Health officials have issued a warning about a so-called clinical drug trial being run by one of the big players in the party pill scene.
Ease is being sold on the internet - under the guise of a clinical trial - as a safe legal alternative for people using ecstasy.
But tests show the main ingredient is basically the same as in ecstasy, making it illegal to manufacture or sell.
"Because it's an analogue, which means it's similar too, it's covered by the act and there are quite severe penalties for this," says Associate Health Minister Jim Anderton.
The man selling Ease, Matt Bowden, says he stopped the trial once he realised health officials had a problem.
He says he has done nothing wrong and has acted in good faith. Bowden claims he got permission from the Ministry of Health to import the methylone.
But experts aren't just taking issue with the drug itself, they say Bowden should not be using the term "clinical trial" which implies it has been approved by medical experts as well as supervised and analysed by them.
Medical bioethics professor Grant Gillett says calling it a clinical trial is very misleading.

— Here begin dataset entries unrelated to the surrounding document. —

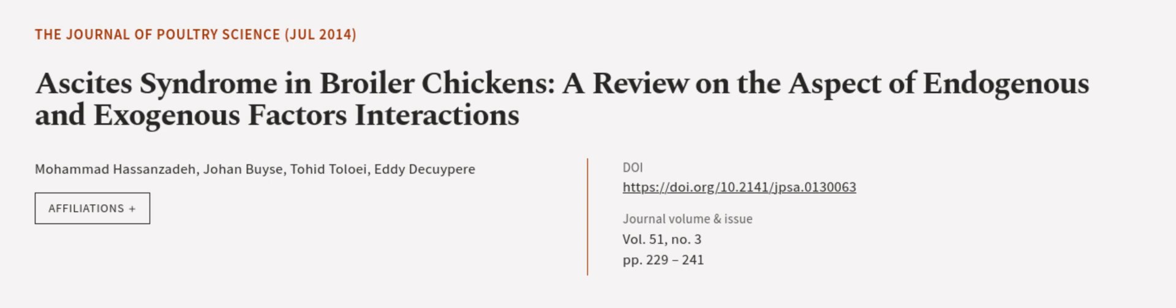This article was authored by Mohamed Hassan Zada, Johan Bais, Tohid Toloiyei, and others. We are article.tv, links in the description below.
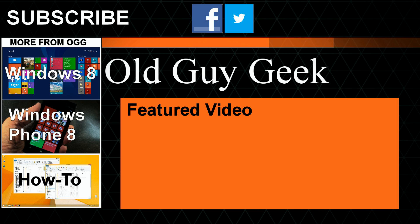On Facebook or Twitter, take a look at our playlists: Windows 8, Windows Phone 8, and general how-to, and of course our latest featured video. Thanks for watching.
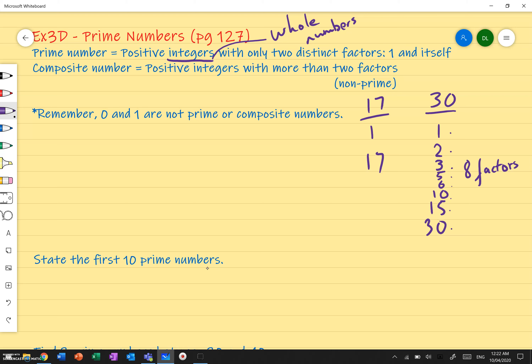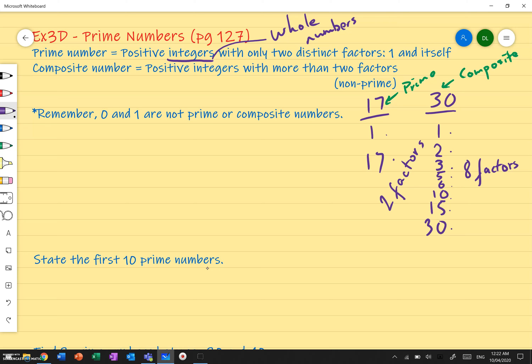Let's move on to composite numbers. Composite numbers are basically any number that's not a prime number — excluding 0 and 1. They are positive integers with more than two factors. Going back to our example of 30, it has eight factors — more than just one and itself — so it's a composite number. Remember, 0 and 1 are not prime or composite numbers.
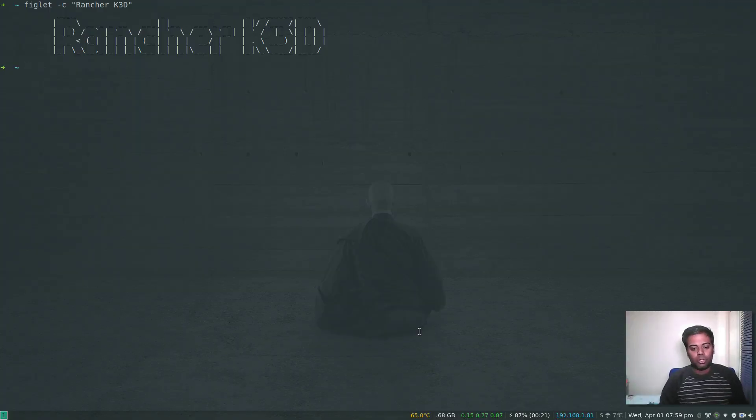Hello YouTube viewers, hope you're all doing good. Welcome to this video. In this video, we will be looking at K3D, Rancher's K3D.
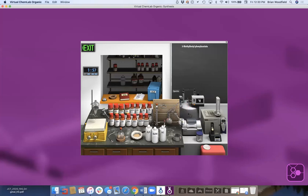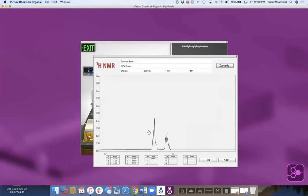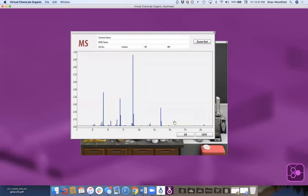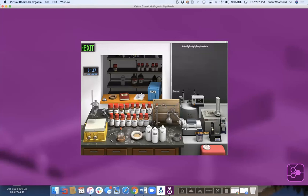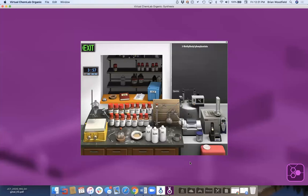I grab my NMR tube for proton NMR and show a real spectrum of what's there. Numbers indicate peaks and below are the integrations — students have to integrate how many protons are associated with each peak. They can save that to their lab book. For an advanced lab, you can also do carbon-13 NMR, mass spec — all real spectra acquired from Sigma — and FTIR. Students need to identify peaks and use the spectra to prove what they made.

"The most uncharitable thought one might have is it's a kind of designer drug version of a Tupperware party," he says.
Bowden says he only ever sold to people on the trial and if he wanted to make money he would have sold it to everyone.
Jim Anderton is not convinced.
"We cannot countenance this kind of activity going on... I think it shows how quickly you can get into very difficult areas when you're playing around with so-called social or party drugs," says Anderton.
The pills are now with the drug squad while police investigate the matter.